Kalp rahatsızlıklarına karşı dikkat edilmesi gereken durumlar hakkında bilgi veren Prof. Dr. Yıldırımtürk, vatandaşların doktor tavsiyelerine uyması gerektiğini söyledi. Kontrollerin aksatılmamasının önemine vurgu yapan Yıldırımtürk, sözlerine şöyle devam etti: “Öncelikle kişisel sağlığımıza dikkat edeceğiz. Düzenli egzersiz yapacağız, sigaradan kesinlikle uzak duracağız, genel beslenme kuralları içinde kilomuza dikkat edeceğiz. Her şeyi olabildiğince normal sınırlarda tutmamız çok önemli. Kalp yetersizliği konusunda Türkiye’nin çok ciddi bir yükü var. En azından hasta ve hasta yakınların farkındalığının yüksek olması lazım.

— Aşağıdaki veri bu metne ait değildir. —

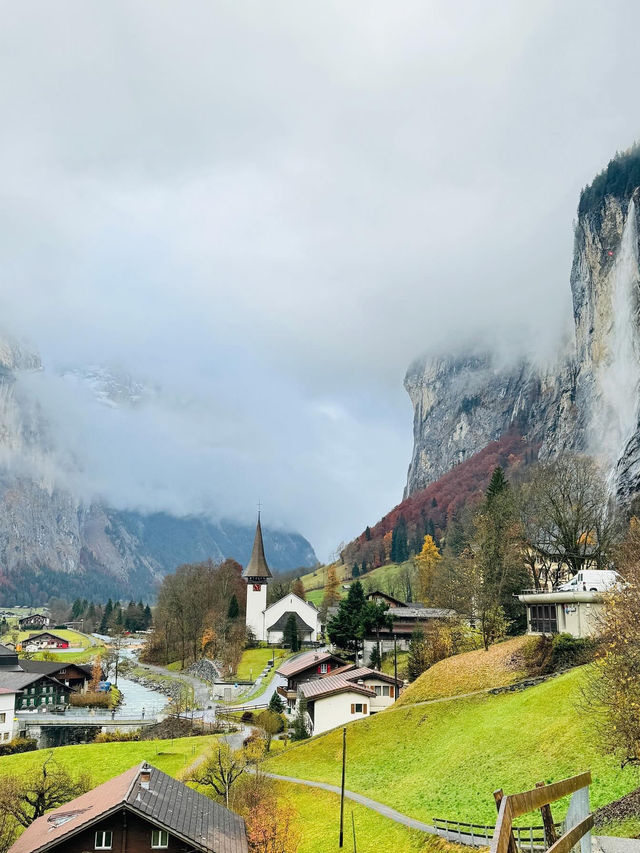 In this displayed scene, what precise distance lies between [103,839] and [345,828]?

Türkiye artık kalp naklinin yapılabildiği, yapay kalp cihazların takılabildiği, her şeyin yapılabildiği bir ülke. Hastaların ilaçlarını düzgün kullanmaları lazım, düzenli takiplerine mutlaka devam etmeleri gerekiyor. Koroner arter hastalığını ne kadar engelleyebilirsek kalp yetersizliğini de o kadar engelleyebiliriz. Dolayısıyla kolesterolümüz, kilomuz düşük olsun, sigara hiç içmeyelim. İlaçları kullanmama yönünde bir eğilim olabiliyor. En önemli parametremiz o aslında doktorunuz ne ilaç vermişse onu çok düzenli bir şekilde kullanmaları lazım. Kalp yetersizliğiyle birlikte bir tuz olayı da devreye giriyor, Türkiye’de genel olarak biraz daha tuzlu yiyoruz. Yemeklerimizde çok fazla tuz var, mutlaka bu hastalarda biraz azaltılması gerekiyor. Kalp yetersizliği açısından eğer daha önce geçirilen kalple ilgili rahatsızlıkları varsa hastalarımızın veya kişilerin mutlaka kontrole gelsinler. Kalp yetersizliği nedeniyle nakil gerektiren bin 440 kadar hasta olması lazım bekleme listesinde, gerçekten nakil çok önemli bir tedavi yöntemi, hastayı uzun süreler rahatlıkla yaşatabiliyor.”